Abstract
The Landscape Model of text comprehension was extended to the comprehension of audiovisual discourse from text and video TV news stories. Concepts from the story were coded for activation after each sequence, creating a matrix of activations that was reduced to a vector of the degree of total activation for each concept. In Study 1, the degree vector correlated well with participants' ratings of how much the sequence made them think of each concept. In Study 2, the degree vector, vectors based on the number of activations, and the degree of co-activation were used to predict participants' recall. The model predicted recall for the text version well, but only moderately well for the video version. The Landscape Model was modified using Dual Code Theory by coding and analyzing audio and visual information as separate components. It predicted students' recall well, indicating its robustness as a model of discourse processing.
Notes
1Another way to analyze the data is to conduct a forward stepwise regression, which adds the variable that accounts for the most variance first; and if another accounts for additional variance, it is added next. In this analysis, degree predicts R 2 = .75 of the variance (β = 1.35), F(1, 52) = 156.72, p < .001; and number accounts for another R 2 = .10 (β = −0.58), F change(1, 51) = 35.89, p < .001—for a total of R 2 = .85, F(2, 51) = 148.88, p < .001. Association did not account for any additional amount of variance.
2A forward stepwise regression analysis shows that degree predicts R 2 = .27 of the variance (β = 0.91), F(1, 77) = 29.01, p < .001; and number accounts for another R 2 = .04 (β = −0.44), F change(1, 76) = 4.78, p < .03—for a total of R 2 = .32, F(2, 76) = 17.61, p < .001. Association did not account for any additional amount of variance.

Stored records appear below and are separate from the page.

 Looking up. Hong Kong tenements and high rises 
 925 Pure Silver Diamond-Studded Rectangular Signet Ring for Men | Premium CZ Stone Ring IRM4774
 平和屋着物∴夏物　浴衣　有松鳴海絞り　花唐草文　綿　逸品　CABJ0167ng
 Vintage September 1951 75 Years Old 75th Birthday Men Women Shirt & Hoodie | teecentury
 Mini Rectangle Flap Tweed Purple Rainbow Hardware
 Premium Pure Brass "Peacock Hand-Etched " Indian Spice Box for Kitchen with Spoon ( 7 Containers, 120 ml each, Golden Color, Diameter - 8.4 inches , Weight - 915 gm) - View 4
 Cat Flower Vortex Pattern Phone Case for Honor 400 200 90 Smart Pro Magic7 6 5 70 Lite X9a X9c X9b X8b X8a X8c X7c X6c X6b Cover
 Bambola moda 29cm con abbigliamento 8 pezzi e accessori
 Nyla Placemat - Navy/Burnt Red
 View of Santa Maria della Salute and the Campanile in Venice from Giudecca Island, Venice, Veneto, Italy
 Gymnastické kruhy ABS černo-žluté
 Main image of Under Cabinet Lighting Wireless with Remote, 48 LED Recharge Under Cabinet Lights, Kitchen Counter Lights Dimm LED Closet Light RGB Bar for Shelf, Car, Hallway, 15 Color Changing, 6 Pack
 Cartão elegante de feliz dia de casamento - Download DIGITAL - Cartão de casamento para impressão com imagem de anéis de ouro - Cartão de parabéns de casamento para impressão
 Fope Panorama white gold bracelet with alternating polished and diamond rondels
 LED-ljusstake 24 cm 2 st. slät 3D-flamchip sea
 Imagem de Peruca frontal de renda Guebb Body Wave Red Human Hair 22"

3A forward stepwise regression analysis shows that audio-only degree predicts 64% of the variance, F(1, 77) = 138.36, p < .001; and visual-only degree accounts for another 4%, Δ F(1, 76) = 10.77, p = .002. Visual-only association added another 2.2%, Δ F(1, 75) = 5.79, p = .02; and audio-only number added 1.9%, Δ F(1, 74) = 5.27, p = .02. Visual-only number and audio-only association did not account for any additional amount of variance. For the total model, F(4, 74) = 49.67, p < .001.